Below, locate the line that contains "Piezas del kit". Repeat exactly from that line to the line that contains "10 Pack Metal", inclusive, leaving out the pictures.

+++ Task material +++

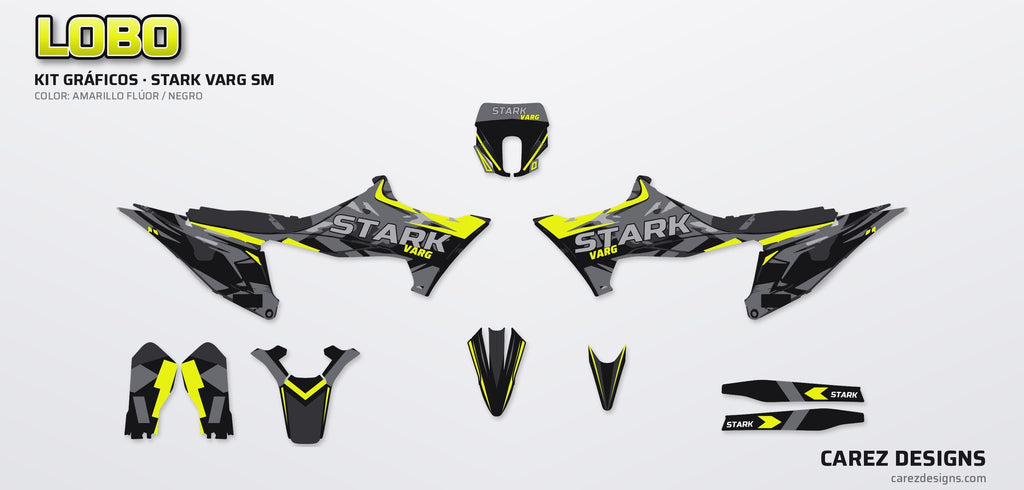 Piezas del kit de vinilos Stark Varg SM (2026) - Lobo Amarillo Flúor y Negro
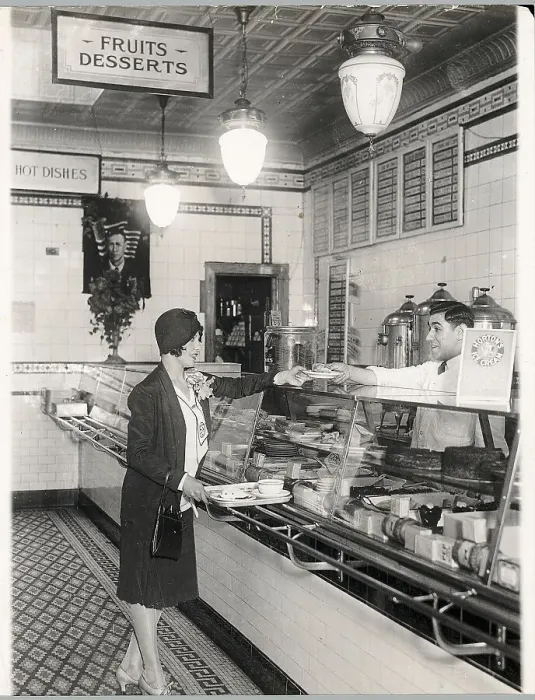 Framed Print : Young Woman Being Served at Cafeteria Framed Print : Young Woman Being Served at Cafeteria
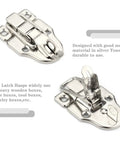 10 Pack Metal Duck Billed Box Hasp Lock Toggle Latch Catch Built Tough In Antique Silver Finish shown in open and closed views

+++
+++ Task material +++

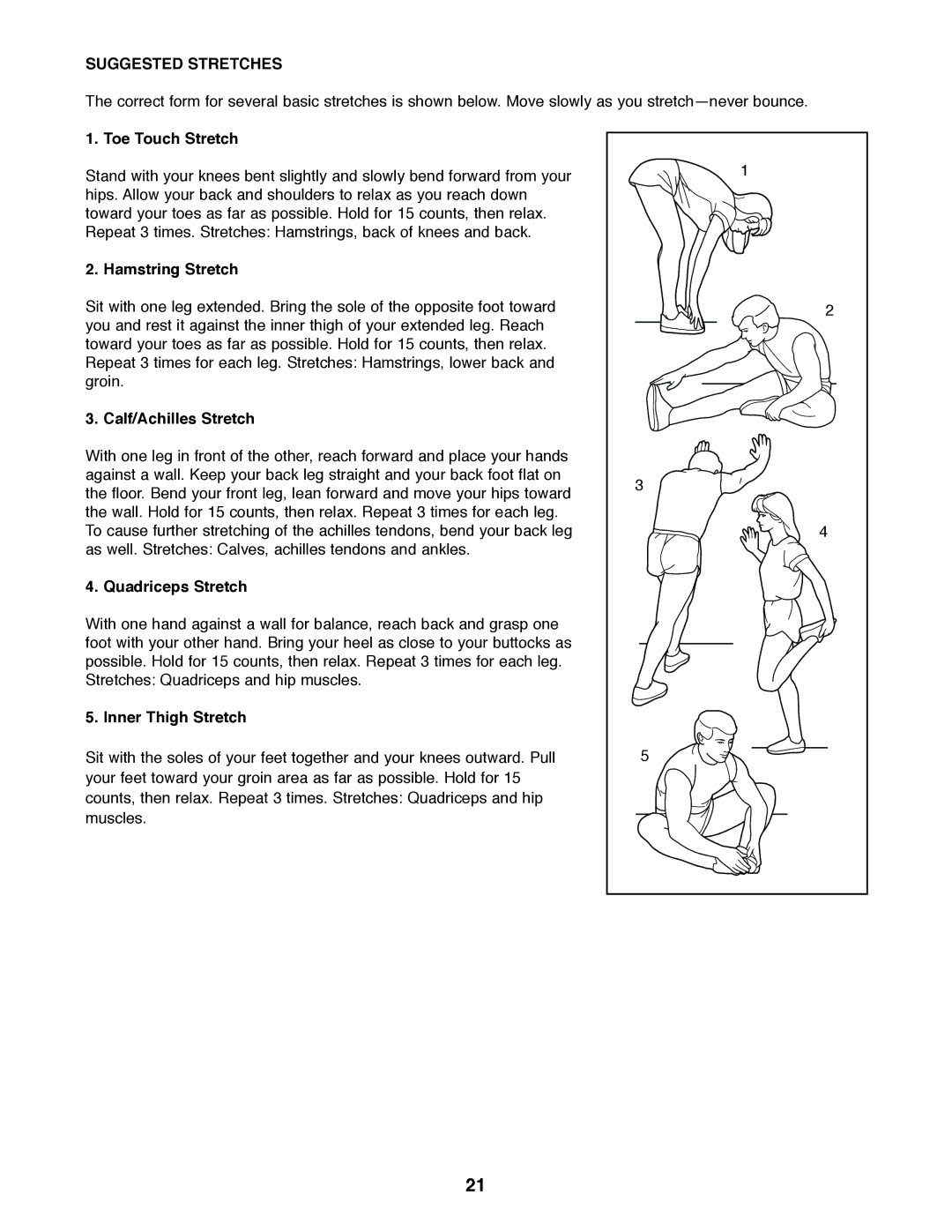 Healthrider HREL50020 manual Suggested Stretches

+++

• [Answer section]
 Piezas del kit de vinilos Stark Varg SM (2026) - Lobo Amarillo Flúor y Negro
 Framed Print : Young Woman Being Served at Cafeteria Framed Print : Young Woman Being Served at Cafeteria
 10 Pack Metal Duck Billed Box Hasp Lock Toggle Latch Catch Built Tough In Antique Silver Finish shown in open and closed views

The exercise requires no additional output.